Conference: CVPR 2026
arXiv: 2602.19140
Code: TBD
Area: Image Generation
Keywords: rectified flow, modality gap, multimodal fusion, affective computing, distribution mapping

TL;DR

Proposes CaReFlow, the first work to utilize rectified flow for multimodal distribution mapping to bridge the modality gap: it enables source modality data points to observe the global distribution of the target modality through one-to-many mapping, applies different alignment intensities to modality pairs with varying correlation via adaptive relaxed alignment, and ensures no information loss after mapping through cyclic rectified flow. It achieves SOTA on multiple multimodal affective computing benchmarks even with simple concatenation fusion.

Background & Motivation

Background: Multimodal Affective Computing (MAC) requires fusing visual, acoustic, and language modalities to analyze human emotional states. The core challenge lies in the vast differences in feature distributions across modalities (the modality gap), which often results in simple multimodal concatenation performing worse than unimodal language models.

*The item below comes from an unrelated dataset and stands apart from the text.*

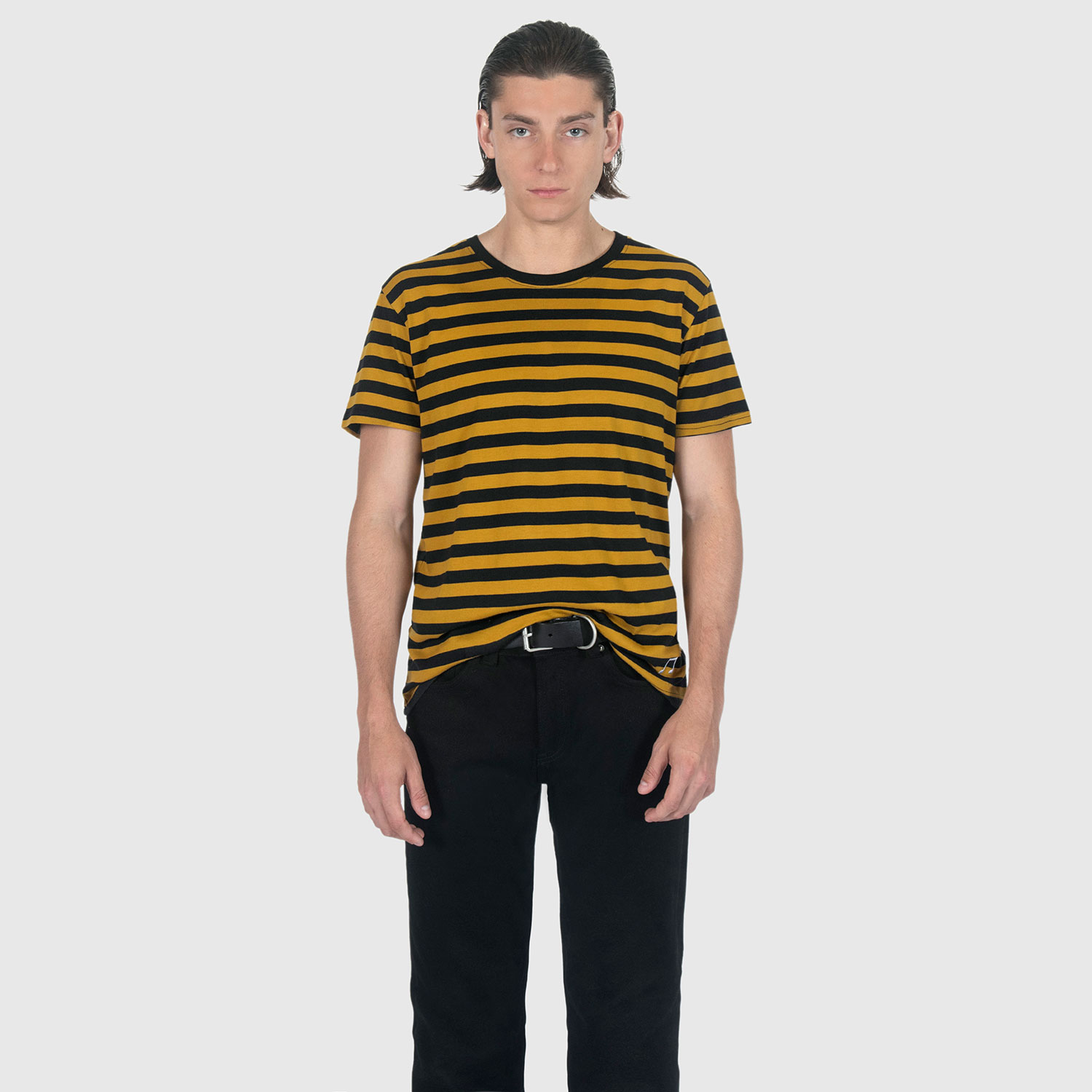 The Teddy is a black and yellow, short sleeve striped t-shirt. This soft cotton-poly blend allows the fabric to drape comfortably on your torso. This is our Bucktown fit.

Limitations of Prior Work: Existing methods for bridging the modality gap (e.g., contrastive learning, GANs, diffusion models) mostly employ one-to-one alignment—pushing each source modality data point towards a single fixed target point. This presents two issues: (a) too few paired data points per sample lead to insufficient alignment; (b) source modality data points cannot see the overall distribution of the target modality, leading to less robust alignment.

Key Challenge: One-to-one mapping limits the source modality's perception of the target modality's global distribution. If one-to-many mapping (like vanilla rectified flow) is used directly, it creates ambiguous flow directions (each source point matching multiple target points) and requires multiple recursive training rounds to learn straight trajectories.

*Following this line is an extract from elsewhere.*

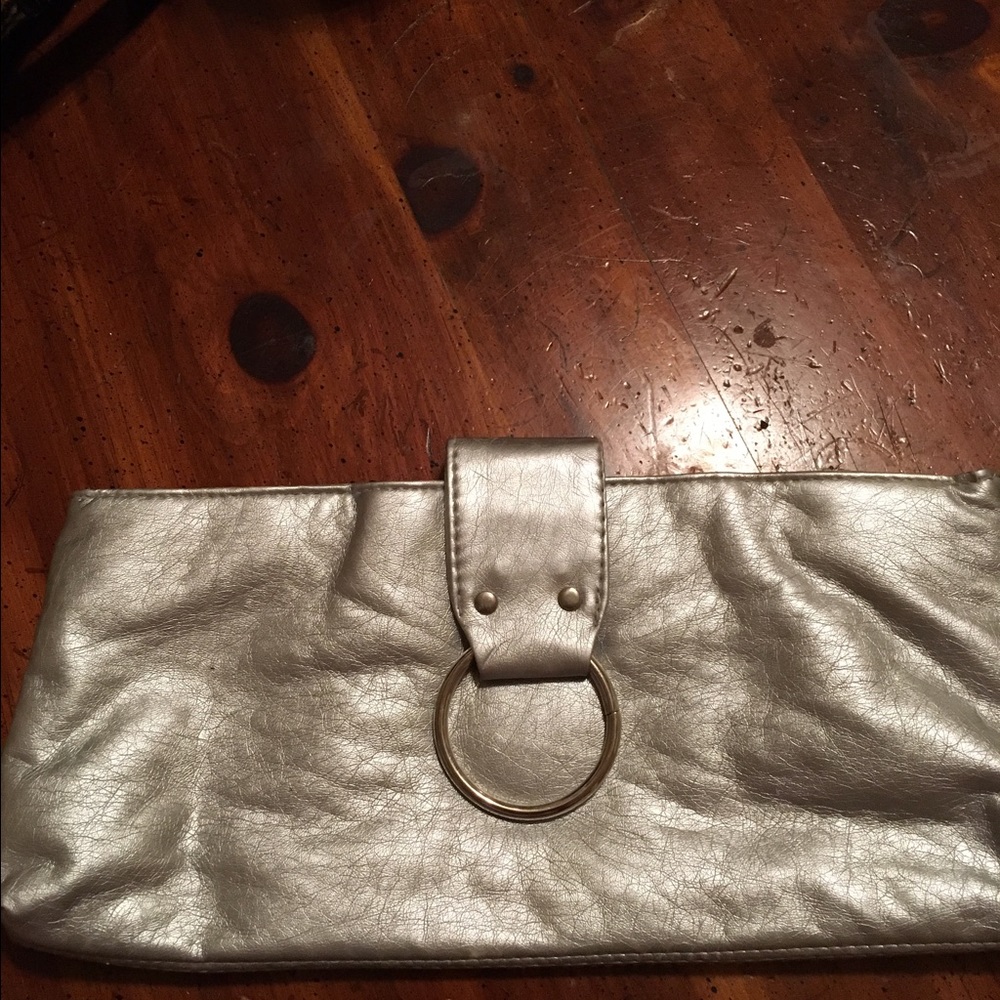Metallic silver clutch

Goal: (a) How to let the source modality perceive the global distribution of the target modality? (b) How to avoid ambiguity in one-to-many mapping? (c) How to prevent source modality information loss during the mapping process?

Key Insight: Rectified flow naturally maps one distribution to another, and the learned trajectories are straight (simulatable with few Euler steps). The authors observe that the training process of rectified flow is inherently one-to-many—randomly sampling distribution pairs for training—which happens to expose global distribution information.

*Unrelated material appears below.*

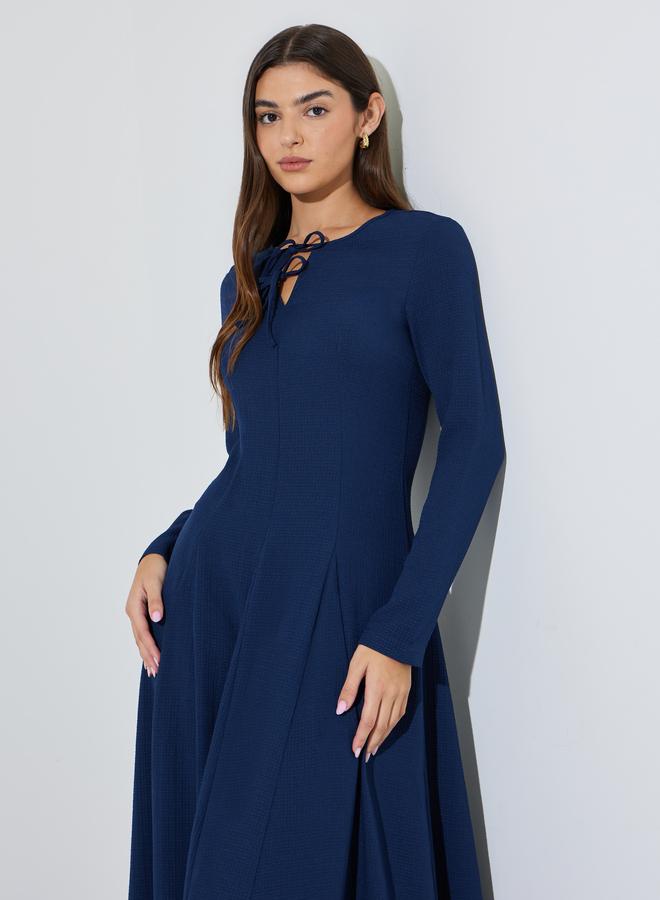 Styli Navy Blue Textured Pleated Details Tie-Up Neck A-Line Maxi Dress - Image 2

Core Idea: Use rectified flow for modality distribution mapping, solve the ambiguity problem through adaptive relaxed alignment, and preserve source modality information via cyclic flows.

Method

Overall Architecture

Input: Tri-modal feature sequences \(\mathbf{U}_m \in \mathbb{R}^{T_m \times d_m}\) (\(m \in \{a, v, l\}\), representing acoustic, visual, and language) are passed through unimodal networks to extract representations \(\mathbf{X}_m \in \mathbb{R}^d\). Since language is the dominant modality in MAC, CaReFlow maps the distributions of visual and acoustic modalities to the language modality distribution: \(\mathbf{X}_{m,l} = \text{CaReFlow}_{m,l}(\mathbf{X}_m)\), followed by simple concatenation + MLP for fusion and prediction. During inference, distribution conversion is completed in 2 Euler steps.

Key Designs

  1. One-to-Many Mapping:

    • Function: Enables each source modality data point to observe multiple target modality data points during training, rather than just the one within the same sample.
    • Mechanism: During rectified flow training, data pairs are randomly sampled from two distributions to train the velocity field \(\mathbf{V}_{m_1,m_2}\). In implementation, intra-sample modality pairs are constructed first within each mini-batch, followed by randomly sampled inter-sample modality pairs (at a ratio of \(\beta\) times). This allows each source modality data point to perceive the global distribution of the target modality.
    • Design Motivation: Alleviates the issue of insufficient paired data per sample, making distribution mapping more robust. Experiments show a performance drop of about 3 percentage points (Acc2) without this module, making it the most impactful component.
  2. Adaptive Relaxed Alignment:

    • Function: Imposes different degrees of alignment strictness for modality pairs with different correlations.
    • Mechanism: Modifies the rectified flow objective function by introducing a margin \(\eta_{m_1,m_2}\): \(\mathcal{L}^f_{m_1,m_2} = \mathbb{E}\left[\max\left(\|\mathbf{V}_{m_1,m_2}(\mathbf{X}^t_{m_1,m_2}, t) - (\mathbf{X}_{m_2} - \mathbf{X}_{m_1})\|_2 - \eta_{m_1,m_2}, 0\right)\right]\) where \(\eta_{m_1,m_2} = 0\) (same sample) or \(\eta_{m_1,m_2} = \epsilon + \|y_i - y_j\|_2\) (different samples, determined adaptively by label distance).
    • Design Motivation: Modalities of the same sample should be strictly aligned (\(\eta=0\) degrades to standard rectified flow), while relaxation is applied to different samples to allow for variance. Less relaxation is applied as labels become more similar. This simultaneously solves the ambiguity in one-to-many mapping and eliminates the need for recursive training of rectified flow.
  3. Cyclic Rectified Flow:

    • Function: Constructs a backward rectified flow to ensure features \(\mathbf{X}_{m_1,m_2}\) from the forward mapping can be mapped back to the original features \(\mathbf{X}_{m_1}\).
    • Mechanism: Trains a backward velocity field \(\hat{\mathbf{V}}_{m_1,m_2}\) to restore the forward output: \(\mathcal{L}^b_{m_1,m_2} = \mathbb{E}\left[\|\hat{\mathbf{V}}_{m_1,m_2}(\hat{\mathbf{X}}^t_{m_1,m_2}, t) - (\mathbf{X}_{m_1} - \mathbf{X}_{m_1,m_2})\|_2\right]\) Key detail: The backward loss applies detach to \(\mathbf{X}_{m_1}\) but not to \(\mathbf{X}_{m_1,m_2}\), allowing the backward loss to backpropagate and influence the forward rectified flow.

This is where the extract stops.